■ DATA SUPPLIED
===============

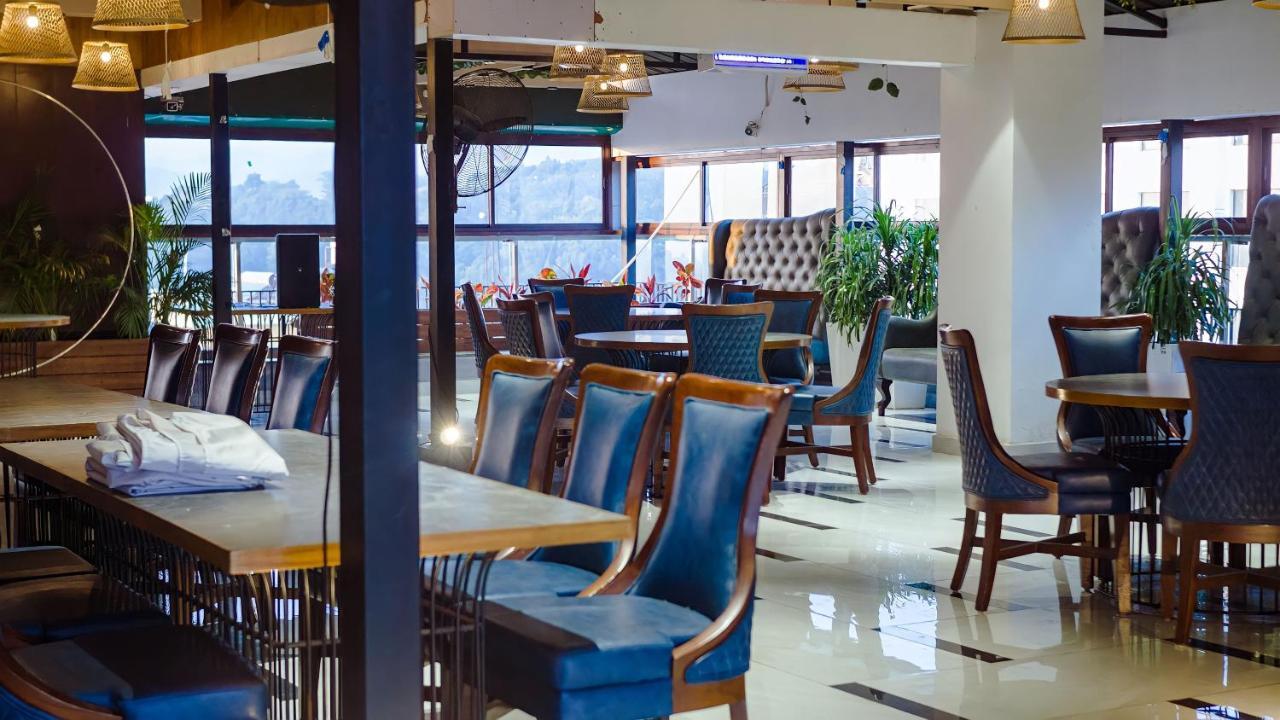 Aura Rooms Dehradun Dış mekan fotoğraf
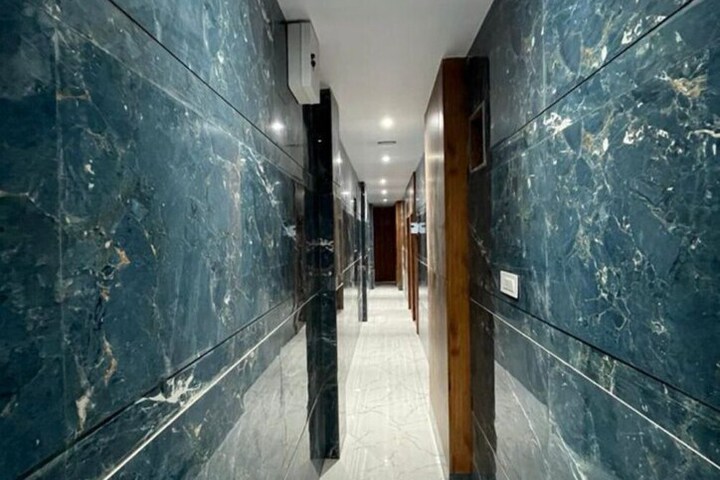 Room 6 of 8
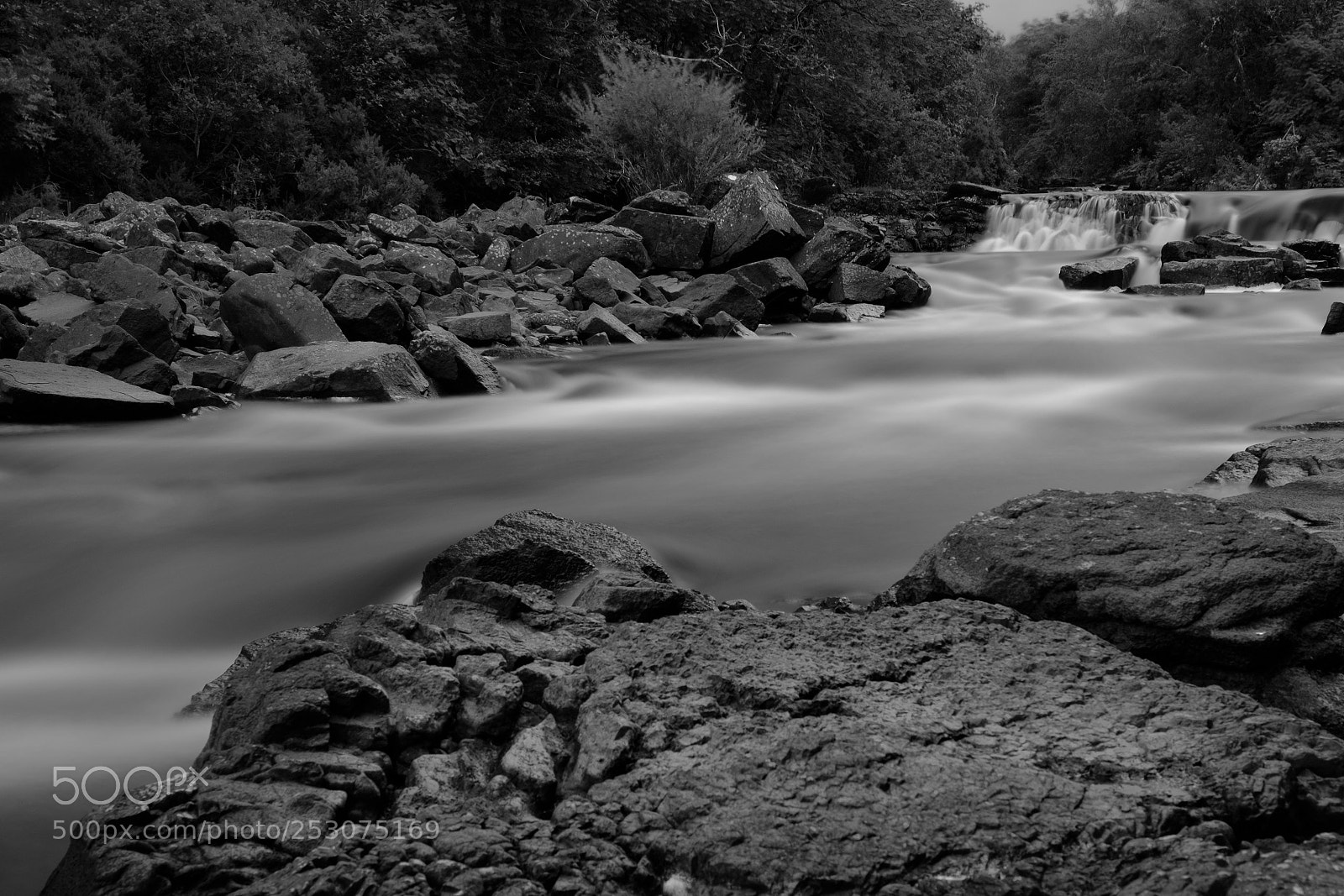 Fujifilm X-T2 sample photo. River on skye photography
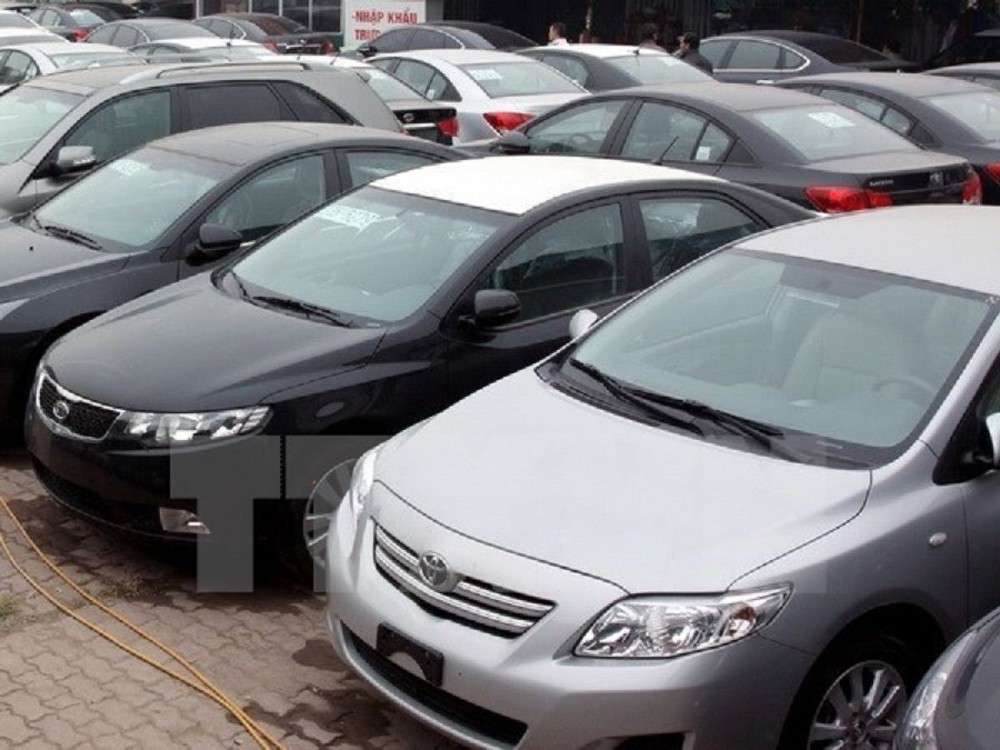 Sửa đổi điều kiện tạm nhập khẩu miễn thuế xe ôtô của một số đối tượng
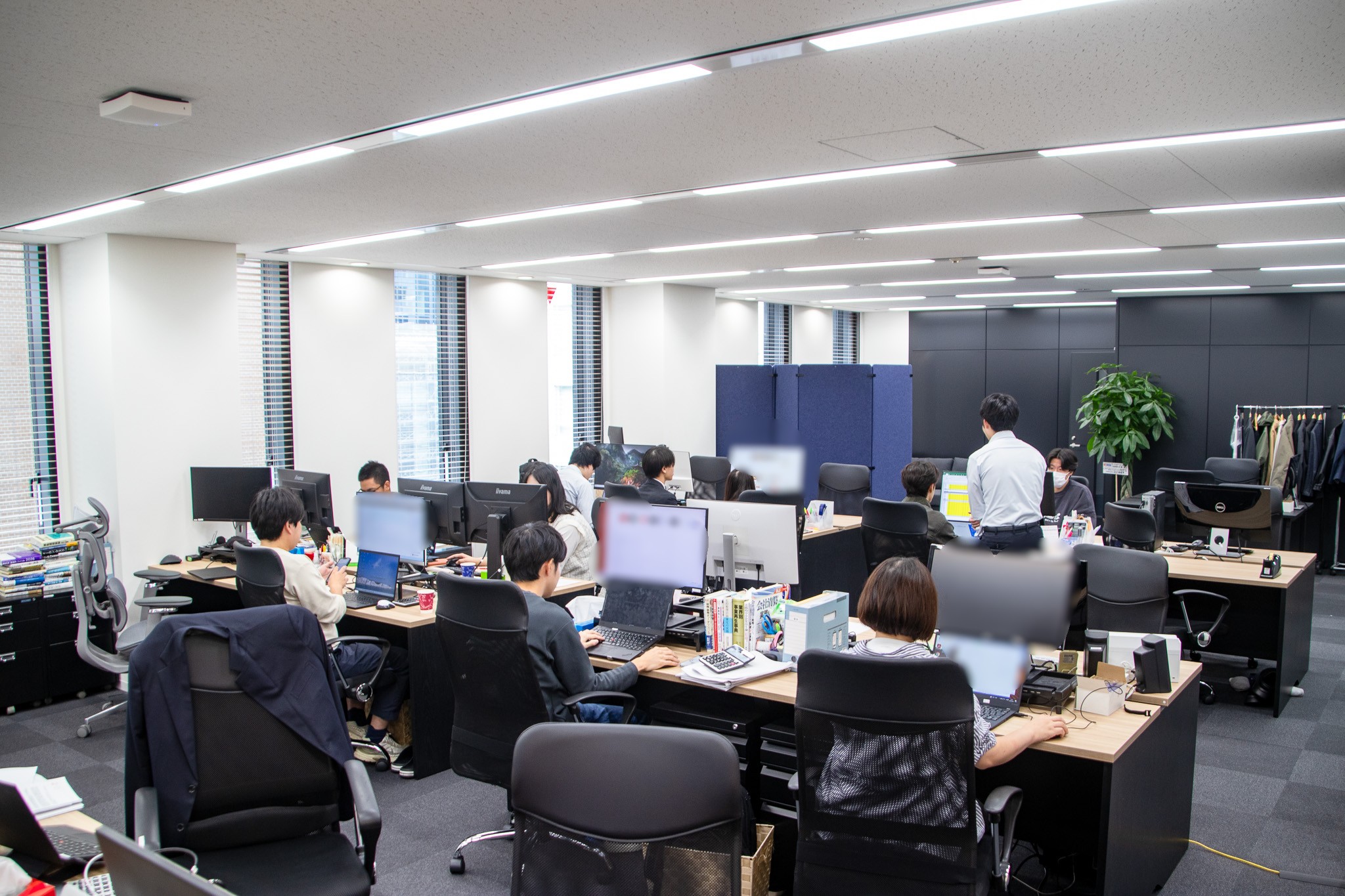 J-TAP_オフィス訪問_働く皆さん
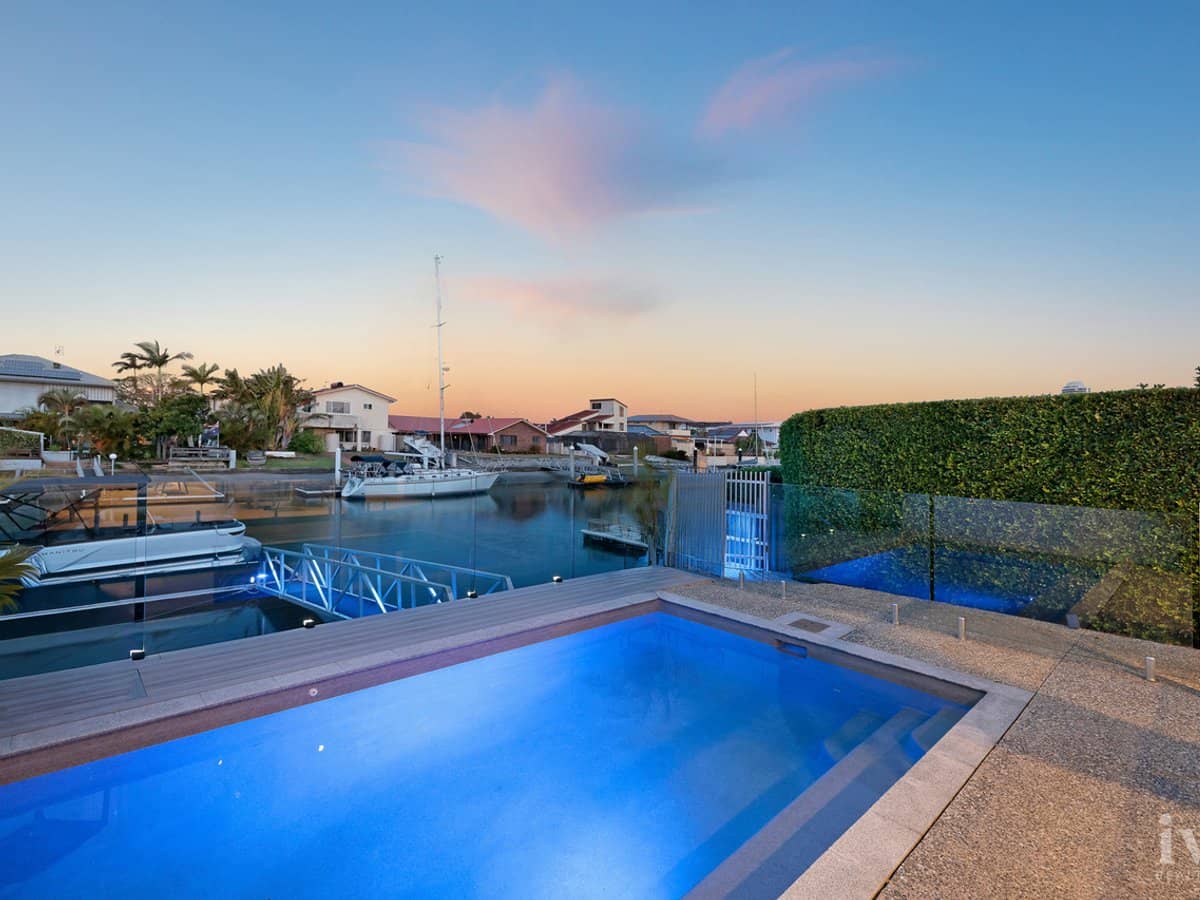 2/107 Bayview Street, Runaway Bay - Thumbnail 10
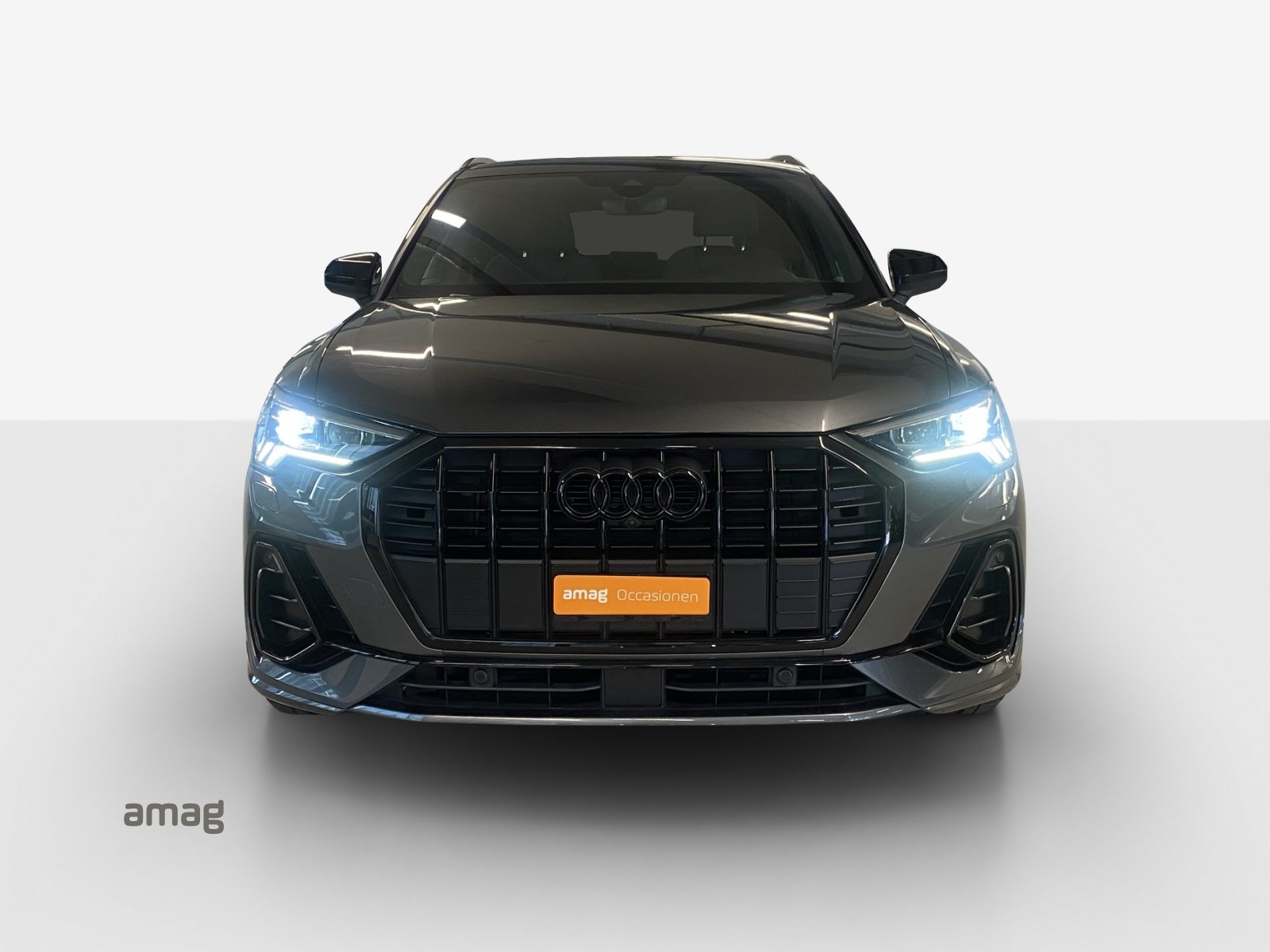 AUDI Q3 35 TFSI S line Attraction, Benzin, Occasion / Gebraucht, Automatik - 7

===============

Restate the listing above word for word, and skip the pictures.

■ RESPONSE TO THIS EXERCISE
 Aura Rooms Dehradun Dış mekan fotoğraf
 Room 6 of 8
 Fujifilm X-T2 sample photo. River on skye photography
 Sửa đổi điều kiện tạm nhập khẩu miễn thuế xe ôtô của một số đối tượng
 J-TAP_オフィス訪問_働く皆さん
 2/107 Bayview Street, Runaway Bay - Thumbnail 10
 AUDI Q3 35 TFSI S line Attraction, Benzin, Occasion / Gebraucht, Automatik - 7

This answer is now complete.